Output the full listing below exactly.

<<<<

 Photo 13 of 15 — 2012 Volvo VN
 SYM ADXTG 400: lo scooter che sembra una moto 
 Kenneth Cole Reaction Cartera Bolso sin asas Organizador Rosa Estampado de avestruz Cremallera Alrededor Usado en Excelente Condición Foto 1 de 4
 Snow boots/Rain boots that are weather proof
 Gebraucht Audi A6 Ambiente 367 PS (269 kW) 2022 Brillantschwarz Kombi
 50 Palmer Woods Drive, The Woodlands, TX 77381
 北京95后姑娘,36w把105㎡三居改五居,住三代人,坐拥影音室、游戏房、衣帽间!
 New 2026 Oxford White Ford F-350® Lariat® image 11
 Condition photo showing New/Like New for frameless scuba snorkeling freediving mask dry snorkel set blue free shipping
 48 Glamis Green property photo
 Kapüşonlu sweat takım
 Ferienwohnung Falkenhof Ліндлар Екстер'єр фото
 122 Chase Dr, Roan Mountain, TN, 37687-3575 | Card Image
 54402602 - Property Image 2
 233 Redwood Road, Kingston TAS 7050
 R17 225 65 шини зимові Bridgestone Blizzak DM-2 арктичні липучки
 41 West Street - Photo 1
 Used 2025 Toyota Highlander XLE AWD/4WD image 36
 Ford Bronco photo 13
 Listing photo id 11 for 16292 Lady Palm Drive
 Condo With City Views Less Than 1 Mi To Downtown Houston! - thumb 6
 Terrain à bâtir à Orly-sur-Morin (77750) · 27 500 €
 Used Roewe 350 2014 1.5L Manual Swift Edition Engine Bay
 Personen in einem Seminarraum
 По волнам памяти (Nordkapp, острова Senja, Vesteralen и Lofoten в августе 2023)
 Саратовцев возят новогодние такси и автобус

>>>>

■ **Problem solution**
 Photo 13 of 15 — 2012 Volvo VN
 SYM ADXTG 400: lo scooter che sembra una moto 
 Kenneth Cole Reaction Cartera Bolso sin asas Organizador Rosa Estampado de avestruz Cremallera Alrededor Usado en Excelente Condición Foto 1 de 4
 Snow boots/Rain boots that are weather proof
 Gebraucht Audi A6 Ambiente 367 PS (269 kW) 2022 Brillantschwarz Kombi
 50 Palmer Woods Drive, The Woodlands, TX 77381
 北京95后姑娘,36w把105㎡三居改五居,住三代人,坐拥影音室、游戏房、衣帽间!
 New 2026 Oxford White Ford F-350® Lariat® image 11
 Condition photo showing New/Like New for frameless scuba snorkeling freediving mask dry snorkel set blue free shipping
 48 Glamis Green property photo
 Kapüşonlu sweat takım
 Ferienwohnung Falkenhof Ліндлар Екстер'єр фото
 122 Chase Dr, Roan Mountain, TN, 37687-3575 | Card Image
 54402602 - Property Image 2
 233 Redwood Road, Kingston TAS 7050
 R17 225 65 шини зимові Bridgestone Blizzak DM-2 арктичні липучки
 41 West Street - Photo 1
 Used 2025 Toyota Highlander XLE AWD/4WD image 36
 Ford Bronco photo 13
 Listing photo id 11 for 16292 Lady Palm Drive
 Condo With City Views Less Than 1 Mi To Downtown Houston! - thumb 6
 Terrain à bâtir à Orly-sur-Morin (77750) · 27 500 €
 Used Roewe 350 2014 1.5L Manual Swift Edition Engine Bay
 Personen in einem Seminarraum
 По волнам памяти (Nordkapp, острова Senja, Vesteralen и Lofoten в августе 2023)
 Саратовцев возят новогодние такси и автобус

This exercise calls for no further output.